I called it for CREA earlier this week, noting that the organization wanted .mls enough that it filed two applications, a failed Community Priority Evaluation, and an unsuccessful Legal Rights Objection against Afilias.
ICANN has now raised over $34 million selling off 10 strings at last resort auctions, with prices ranging from $600,000 (.信息) to $6.7 million (.tech).
The money has been set aside for purposes currently undecided. At least one applicant wants ICANN to redistribute the cash to losing bidders, which I don’t think is particularly likely.
ICANN’s fifth set of last-resort new gTLD auctions is set for tomorrow and it’s another small batch.
Just two contention sets — .baby and .mls — are set to be resolved, with ICANN stashing the winning bids into its special fund.
.baby is hotly contested with no fewer than six applicants — five portfolio applicants and one big brand.
Will Johnson & Johnson get what was once a single-registrant “closed generic”, or will Donuts, Google, Radix, Famous Four or Minds & Machines prevail?
Meanwhile, .mls (for “multiple listing service”, a type of real estate listings aggregation service popular in North America) is a two-horse race between Afilias and the Canadian Real Estate Association.
I’m tempted to call this one for CREA. The organization is so desperate for the .mls gTLD that it filed two applications, one “community” and one vanilla.
The community application was withdrawn earlier this year when CREA scored 11 out of 16 points on its Community Priority Evaluation, failing to pass the 14-point threshold.
The organization even filed a Legal Rights Objection against Afilias in attempt to kill off the competition, which also failed.
Having fought off these challenges, Afilias is either going to get the gTLD or walk away empty-handed. The last resort auction does not compensate unsuccessful bidders for their investments.
Amazon is now the proud owner of the .secure new gTLD, after much smaller competing applicant Artemis Internet withdrew its bid.
Coincidentally, the settlement of the contention set came just yesterday, the day before Artemis took its .trust — which I’ve described as a “backup plan” — to sunrise.
I assume .secure was settled with a private deal. I’ve long suspected Artemis — affiliated with data escrow provider NCC Group — had its work cut out to win an auction against Amazon.
It’s a shame, in a way. Artemis was one of the few new gTLD applicants that had actually sketched out plans for something quite technologically innovative.

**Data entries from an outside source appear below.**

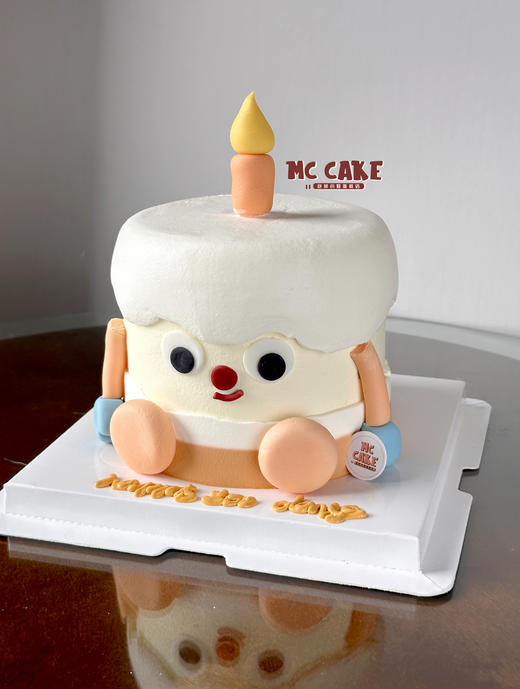 可爱蜡烛造型 商品图1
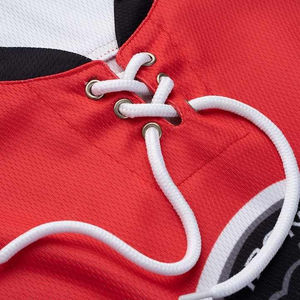 Maillot de hockey sur glace pour hommes pull en dentelle uniforme de hockey sur glace avec impression par sublimation de logo personnalisé de haute qualité - Product Image 3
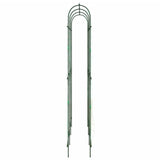 Garden Trellises for Climbing Plants 4 pcs U-Shape Steel 3281506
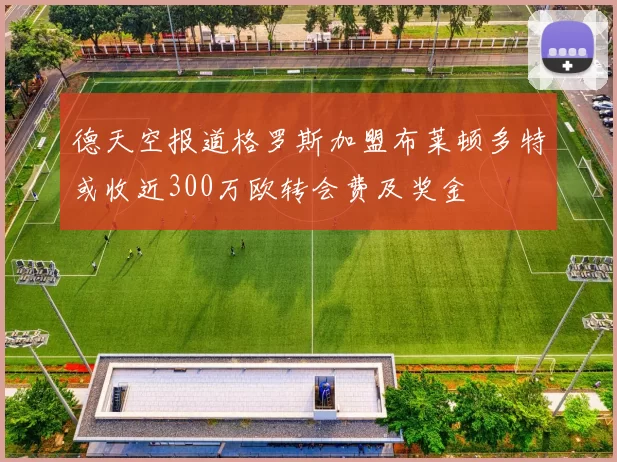 德天空报道格罗斯加盟布莱顿多特或收近300万欧转会费及奖金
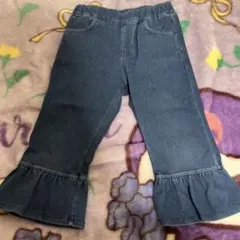 子供服 キッズ デニム ボトムス パンツ 110センチ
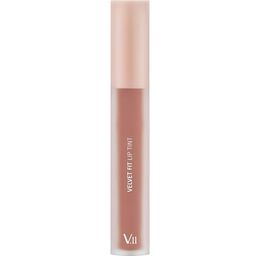 VILLAGE 11 FACTORY Velvet Fit Lip Tint Creamy Peach – Flüssiger Lippenstift mit Mattfinish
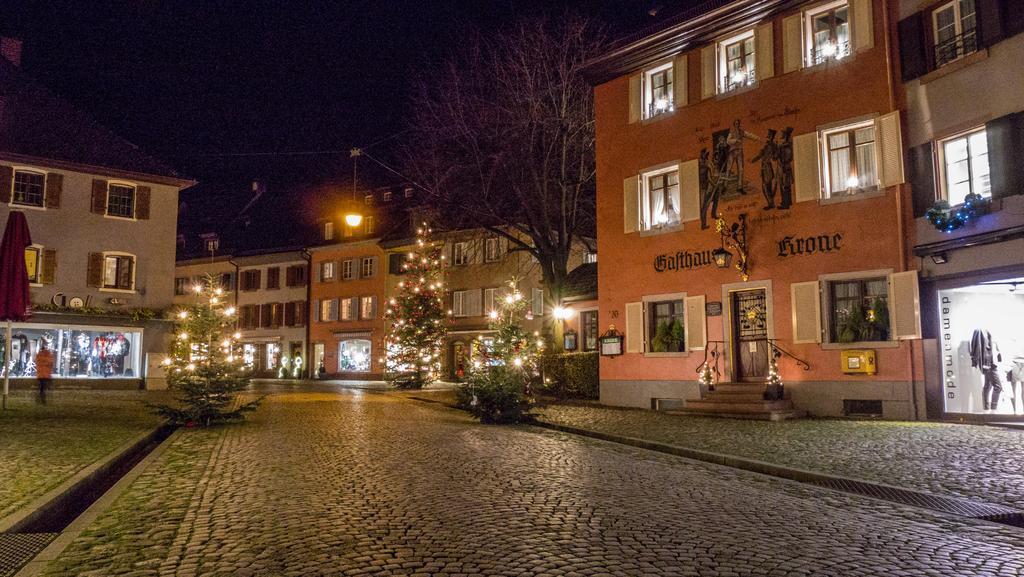 Die Krone Staufen im Breisgau Exterior foto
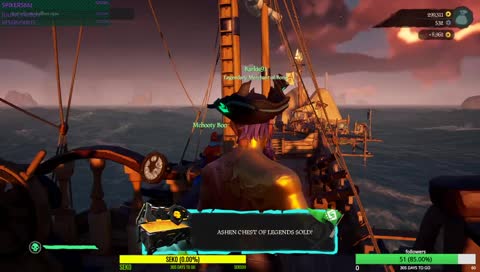 Vem är klonken och vad gör han på vår båt?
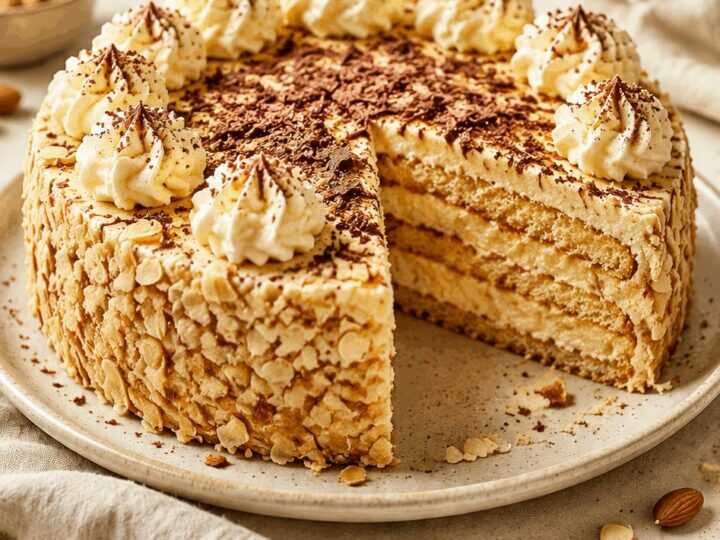 Köstliche Malakofftorte: Ein einfaches Rezept, das Sie probieren müssen!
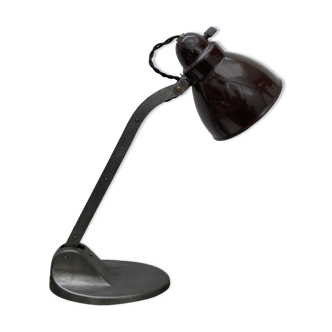 Old german bauhaus desk lamp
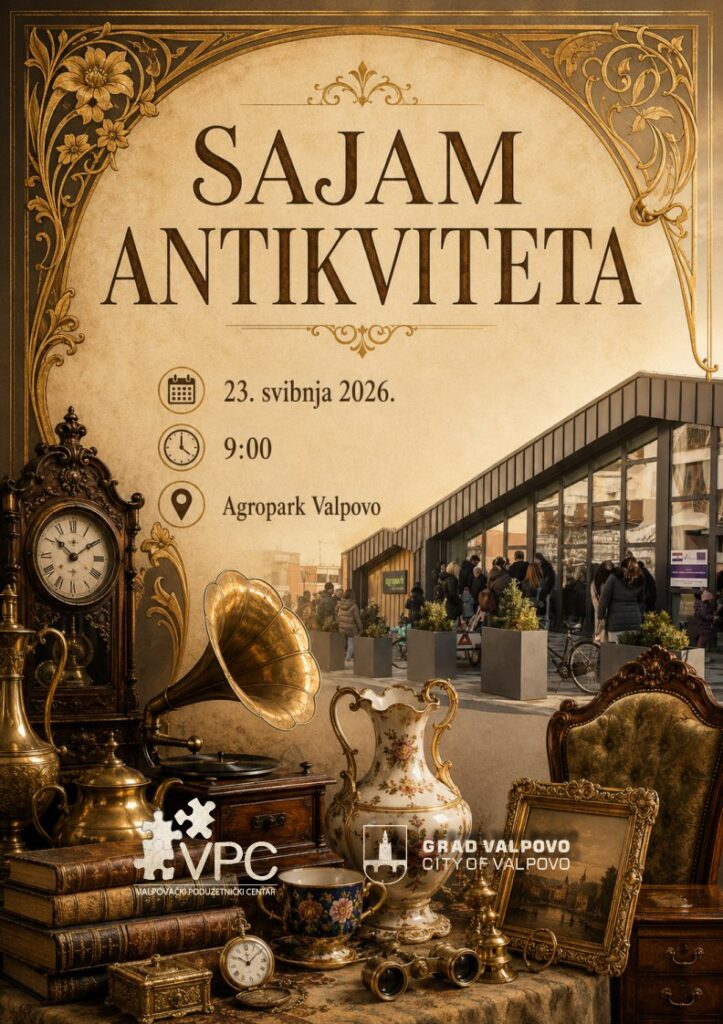 Sajam antikviteta u Agroparku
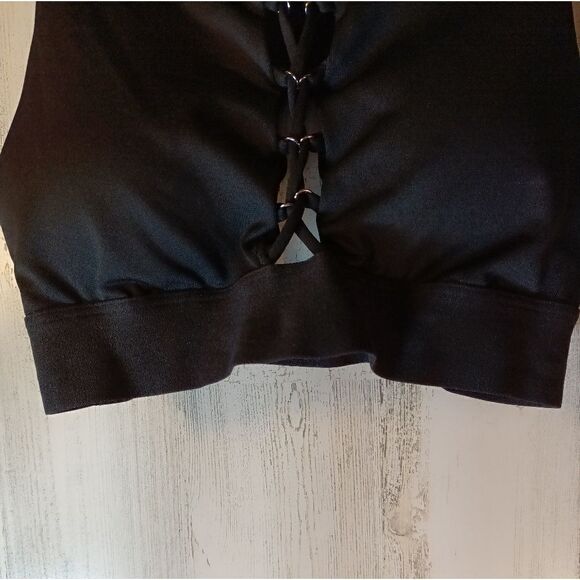 NWOT Pink Sports Bra - Picture 3 of 6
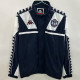 1967 Man Utd Black Retro Windbreaker #刺绣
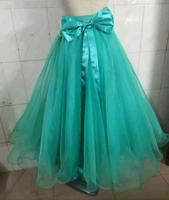 С бантиком, синий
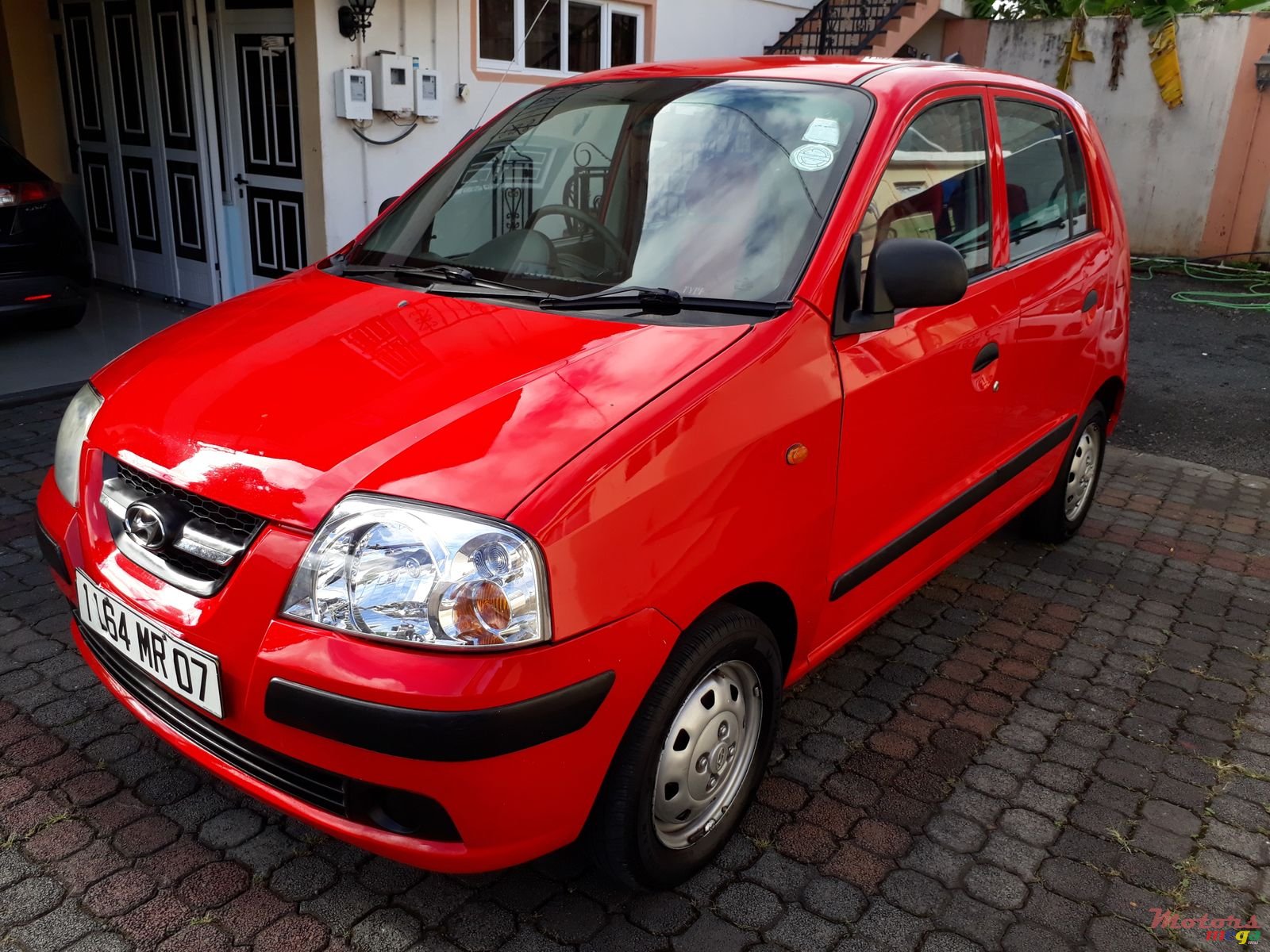 2007' Hyundai Atos photo #1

Artemis’ .secure was to be a “trust mark” for a high-priced managed security service. It wasn’t really about selling domain names in volume at all.
The company had done a fair bit of outreach work, too. As long ago as July 2013, around 30 companies had expressed their interest in signing up as anchor tenants.
But, after ICANN gave Amazon a get-out-of-jail-free card by allowing it to amend its “closed generic” gTLD applications, it looked increasingly unlikely Artemis would wind up owning the gTLD it was essentially already pre-selling.
In February this year, it emerged that it had acquired the rights to .trust from Deutsche Post, which had applied for the gTLD unopposed.
This Plan B was realized today when .trust began its contractually mandated sunrise period.
Don’t expect many brands to apply for their names during sunrise, however — .trust’s standard registration policies are going to make cybersquatting non-existent.
Not only will .trust registrants have their identities manually vetted, but there’s also a hefty set of security standards — 123 pages (pdf) of them at the current count — that registrants will have to abide by on an ongoing basis in order to keep their names.
As for Amazon, its .secure application, as amended, is just as vague as all of its other former bids for closed, single-registrant generic strings (to the point where I often wonder if they’re basically still just closed generics).
It’s planning to deploy a small number of names to start with, managed by its own intellectually property department. After that, its application all gets a bit hand-wavey.